* _RECORDS FOR PROCESSING_:
------------------------------------------------------------------------

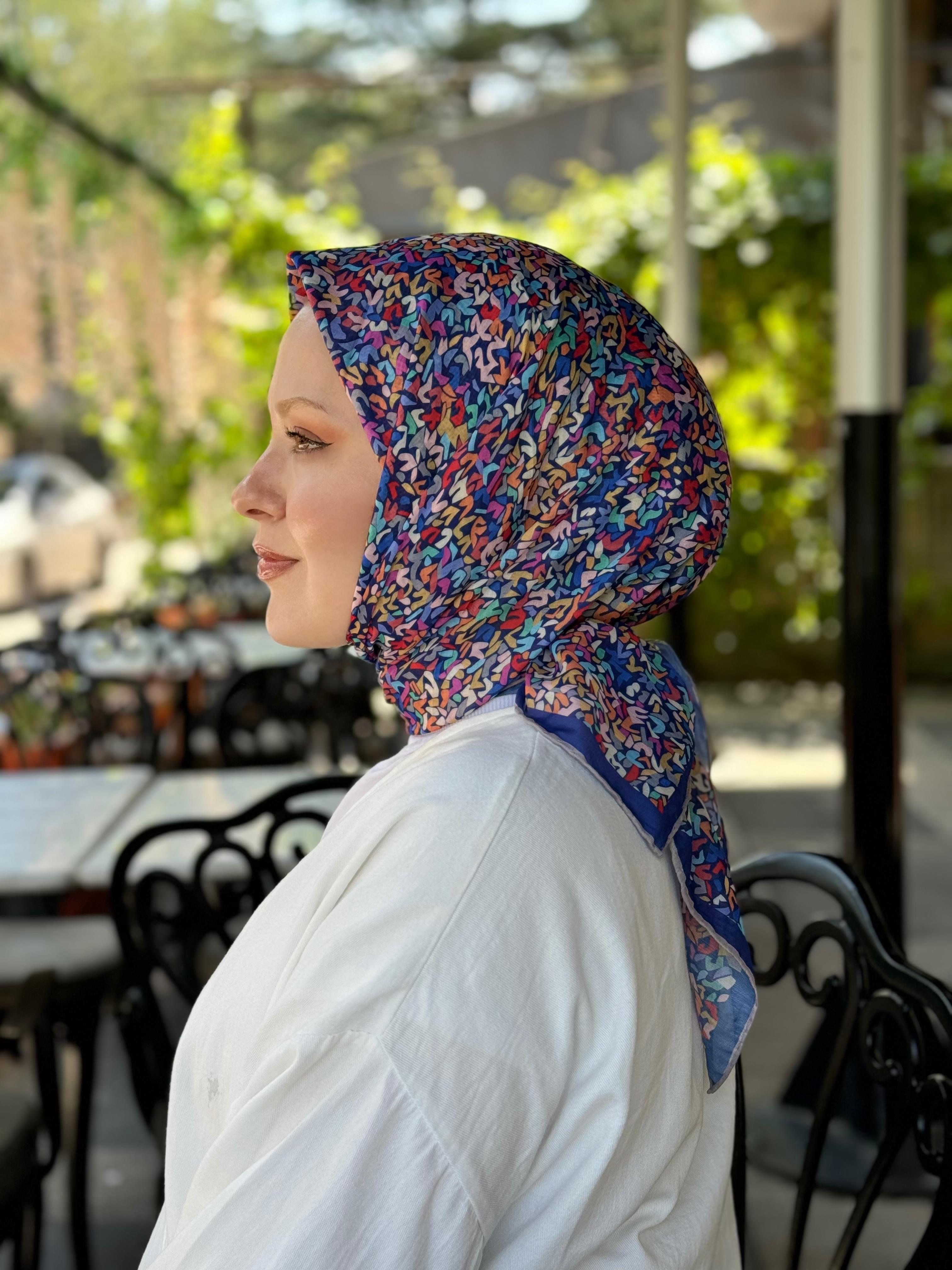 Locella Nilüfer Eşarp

------------------------------------------------------------------------

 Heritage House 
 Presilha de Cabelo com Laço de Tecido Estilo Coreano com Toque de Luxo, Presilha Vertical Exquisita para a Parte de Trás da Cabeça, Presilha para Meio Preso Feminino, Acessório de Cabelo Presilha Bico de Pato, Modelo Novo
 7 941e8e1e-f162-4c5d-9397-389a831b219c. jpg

------------------------------------------------------------------------

* _TASK DETAILS_:
From the listing above, the lines starting with the one that has "Heritage House" and running through the one that has "7 941e8e1e-f162-4c5d-9397-389a831b219c. jpg" should be copied exactly, ends included.

* _SOLUTION FOR THIS PROBLEM_:
 Heritage House 
 Presilha de Cabelo com Laço de Tecido Estilo Coreano com Toque de Luxo, Presilha Vertical Exquisita para a Parte de Trás da Cabeça, Presilha para Meio Preso Feminino, Acessório de Cabelo Presilha Bico de Pato, Modelo Novo
 7 941e8e1e-f162-4c5d-9397-389a831b219c. jpg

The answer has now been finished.